The Vikings join the New York Jets, San Diego Chargers, and New York Giants as potential suitors for Russell Okung, the recently-released Denver Broncos left tackle. Okung, a first-round pick out of Oklahoma State in 2010, has started 88 games in his seven-year career. The 29-year-old veteran appeared in the 2012 Pro Bowl and finished 2016 as Pro Football Focus’s 38th-ranked tackle.

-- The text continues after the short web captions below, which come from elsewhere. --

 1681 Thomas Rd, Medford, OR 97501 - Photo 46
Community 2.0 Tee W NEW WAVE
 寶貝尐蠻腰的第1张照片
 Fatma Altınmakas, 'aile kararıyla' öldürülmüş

Around this time last year, Okung made the rare decision to represent himself in free agency. By doing so, he avoided paying a three-percent commission fee to an agent in his negotiations with the Broncos. Unfortunately, Okung’s decision backfired, as he walked away from the table with an abhorrently team-friendly contract. Here’s how the Denver Post broke down the five-year, $53 million deal:[quote_box_center]”The first part of Okung’s contract is for one year and $5 million, not a penny of which is guaranteed before the start of the season. His base salary for 2016 will be $2 million, and he will get a $2 million roster bonus if he’s on the active roster for at least a game. Another $1 million will come his way if he participates in at least 90 percent of the team’s offseason workouts or his rehabilitation…If the Broncos exercise their $1 million option on Okung after the 2016 season, he could earn up to $48 million over another four years. But that is contingent upon him first making the team in 2016 and the Broncos deeming him valuable enough to keep for the additional years. If he sticks around for all five years of the contract, Okung could earn $31 million in salary, $20 million in roster bonuses, $1 million with the 2016 workout bonus and another $1 million with the 2017 option.”[/quote_box_center]

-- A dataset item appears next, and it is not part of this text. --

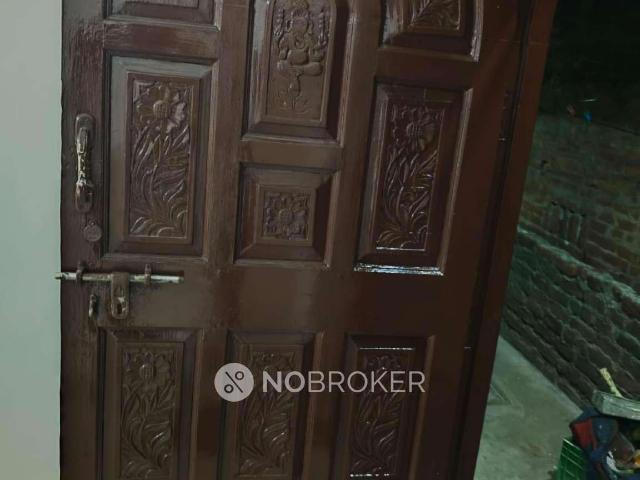 House for sale in Ayappanthangal, Chennai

Okung’s contract initially looked solid, but a lack of guaranteed money thrust all the power into John Elway’s hands. Guaranteed money nearly kept Adrian Peterson off the field in 2015, but Spielman negotiated and brought Peterson back with a few front-loaded incentives; however, Peterson’s Minnesota days could be numbered with no guaranteed money remaining on the restructured deal.
Taking advantage of the holes in Okung’s contract, the Broncos didn’t pick up his $1 million option and thus, parted ways with one of their starting tackles. Still, Okung defended his initial decision on The Player’s Tribune, writing that he’ll always bet on himself first before putting his future in the hands of a professional agent.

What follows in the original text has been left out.